Today’s blog comes to you courtesy of Lydia, our marketing manager. Two years ago she applied for the position as she was newly married and they had recently relocated from Ontario for her husband’s new job. In checking her references, her previous Ontario employer had only good things to say about her, and at the end of the call she said “hire this young woman, she is a person of exceptional character”, which sealed the deal for me. Even though she had no farming knowledge whatsoever and didn’t know Abbotsford, BC from Abbotsford, Australia, I knew we could teach her those things, but you can never teach someone to have exceptional character. As it turns out, she’s very good at marketing too!
Fast forward two years, and to say that Lydia’s learning curve has been steep is an understatement but I’m so thankful we found each other! I’m always delighted to teach her something new about farming, and so asked her if she would write her “Top Ten Things I’ve Learnt since moving to Abbotsford”. You already enjoy her lovely photography and excellent marketing talents, so please take the time to get to know the Lydia behind the lens!
Here are 10 things that I, Lydia, have learned working with the Lepps for the past 2 years.
1)Eating Seasonally Tastes Better. It had never occurred to me that fruits and vegetables taste so much better when you eat shortly after they’ve been picked – the same day if you can. I find myself planning my own meals around the seasons more and more since that’s a super simple way of making any dish taste better.
Above: A mid-summer haul from the Lepp’s fields
2) Every fruit and veggie begins it’s life as a flower. I know, I can practically hear you rolling your eyes at this, but as someone who grew up fairly far removed from farming, I’m always amazed to see the beautiful blooms in the fields become a cucumber, or a pepper, or a strawberry.
Above: a cucumber at Lepp Farms with a wilted flower on it’s end.
Above: Strawberries at Lepp Farms in every stage of life. The yellow centre in the flower will grow into the green fruit which turns pale pink and then red as it ripens.

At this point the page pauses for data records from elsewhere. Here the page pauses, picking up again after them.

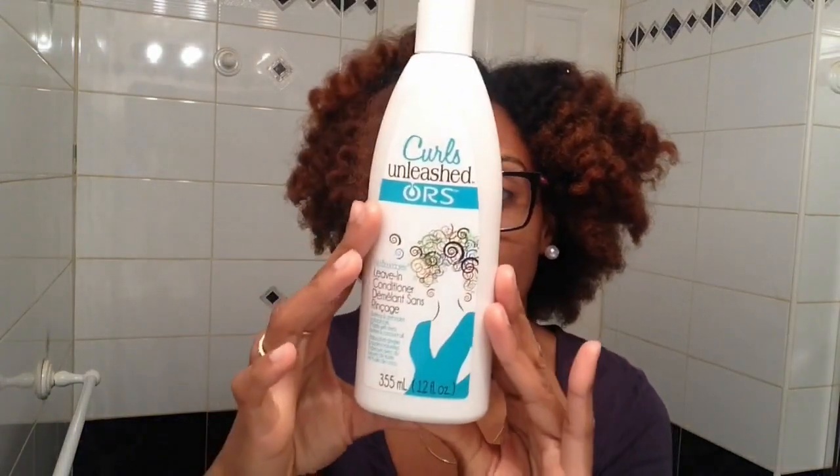The leave-in conditioner I used to use was As I Am — I used that line for a while. But I feel like my hair got so used to it that it doesn't really moisturize as well anymore. So I switched my leave-in and now I'm using Curls Unleashed. This leave-in gives my hair life — it's so good. My hair really does feel moisturized after I use it. I put oil in my hair first, then the shea butter after as a heavier sealant, because my hair is really thick and needs that butter to lock in the leave-in.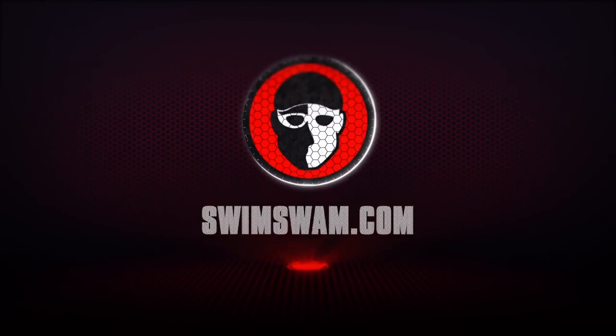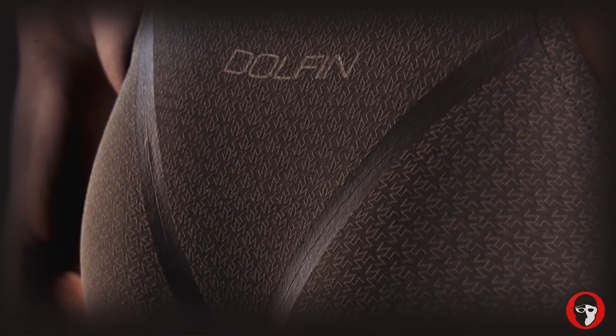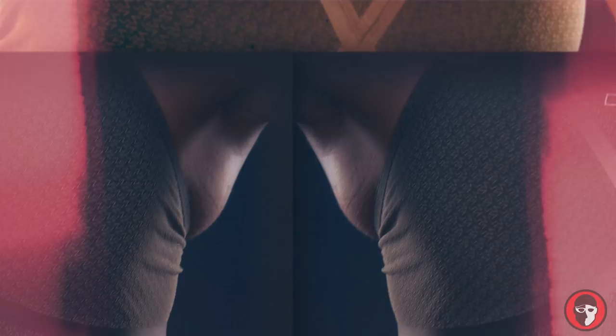Athletes are constantly looking for a way to either compress the chest or compress the hips, or have more flexibility in the hips, or not be restricted through their core or their upper back if they're wearing a closed-back version. This is the new Light Strike technical suit from Dolph. We've come up with something totally unique and we think it's going to revolutionize the industry in terms of what it means to fit a tech suit.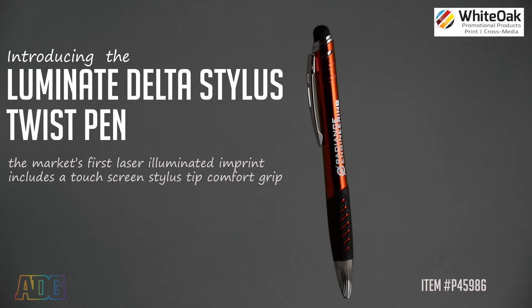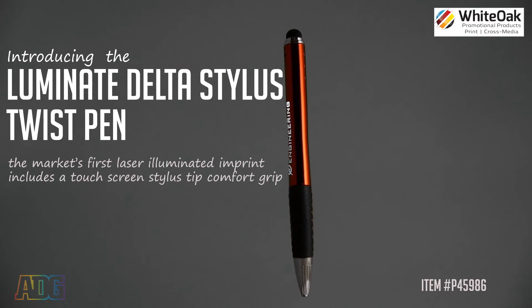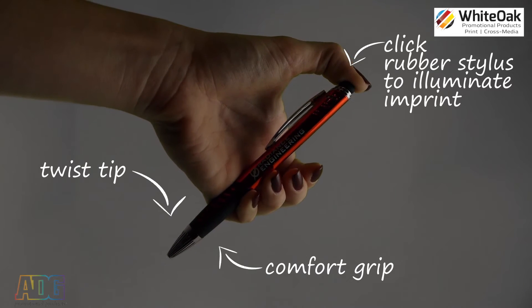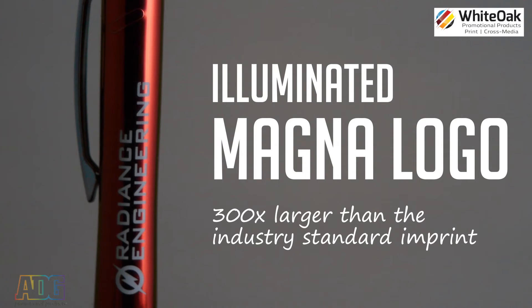Say hello to the new Luminate Delta Stylus Twist Pen. This pen features a quality rubber grip and a stylus pen function that, when pushed, brings your logo and name to light. The illuminated Magna logo imprint size is 300% larger than the industry standard, and it ensures that the client's message will outshine the competition.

Above: Bell peppers growing in a neighbouring greenhouse here in Abbotsford.
3) Honey comes in many varieties. Depending on what plants the bees were pollinating during honey production, honey can take on different flavours and depths of colour. Pumpkin honey is a deep amber colour, with a rich creamy flavour. Also, if you see “pumpkin honey” on a jar, or any other crop, it doesn’t mean that the honey has been infused with that flavour!

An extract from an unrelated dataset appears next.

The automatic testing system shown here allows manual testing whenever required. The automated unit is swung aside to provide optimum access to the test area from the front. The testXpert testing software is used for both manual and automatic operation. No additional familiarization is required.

4) Every fruit and veggie has multiple varieties – the ones we are most familiar with are the varieties that can be picked early and store well to travel to their final destination without perishing. The food system that we as consumers have molded, although efficient, has not served good taste very well.
5) Most Chefs secret ingredient is just salt & pepper and something acidic, like lime or vinegar. Seriously. It’s that simple.

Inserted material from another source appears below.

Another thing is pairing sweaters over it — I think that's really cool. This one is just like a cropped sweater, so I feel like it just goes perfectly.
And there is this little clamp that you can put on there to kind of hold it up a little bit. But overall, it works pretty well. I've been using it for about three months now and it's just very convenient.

6) Farming is a high-risk monetary endeavor! You can do everything right for 8 weeks straight, but if you let your guard down for an afternoon you can lose everything. Or worse, weather can wipe out seeds and hours of work that you’ve paid for, and you have no control of that.
7) Kiwis are grown in Canada! Maybe you knew this, but a kiwi always struck me as a tropical flavour, because it pairs well with pineapple and mango. But it grows right here in Abbotsford in the fall, of all seasons (most farmers harvest them in December) and it’s actually the frost that sweetens them. Fun fact: you can eat their fuzzy skin, and it’s not nearly as gross as it may seem.
8) Turkeys. Remember that Thanksgiving craft for children? Where you make a turkey out of multi-coloured handprints? When I met my first real turkey I honestly thought I would have at least seen a resemblance, but not even close.
9) If a farmer falls behind on any daily tasks in a day they will not be able to catch up in that season! I learned about this while visiting the Lepp’s neighbour’s greenhouse last week as part of #BCGreenHouseVeggieDays. In order for the pepper plants to grow straight upwards around a cord, workers have to guide and twist the plant around the cord every couple of days. And there are hundreds of rows of hundreds of plants to do this to! Talk about tedious work. It’s quite labour intensive, and as I said, if they fall behind there’s just no catching up.
10) You can eat corn raw, and it tastes amazing. I love a grilled, buttery, salted cob of corn as much as the next person, but when you get sweet corn that’s been picked at it’s peak ripeness (like the Lepps do!) you can eat it raw without being disappointed in the least.
In addition to learning about farming, Lydia has also spent the past 2 years learning photography on-the-job while she captures content for our social media & newsletters. You may recognize one of her photos on the cover of this year’s BC Farm Fresh Guide!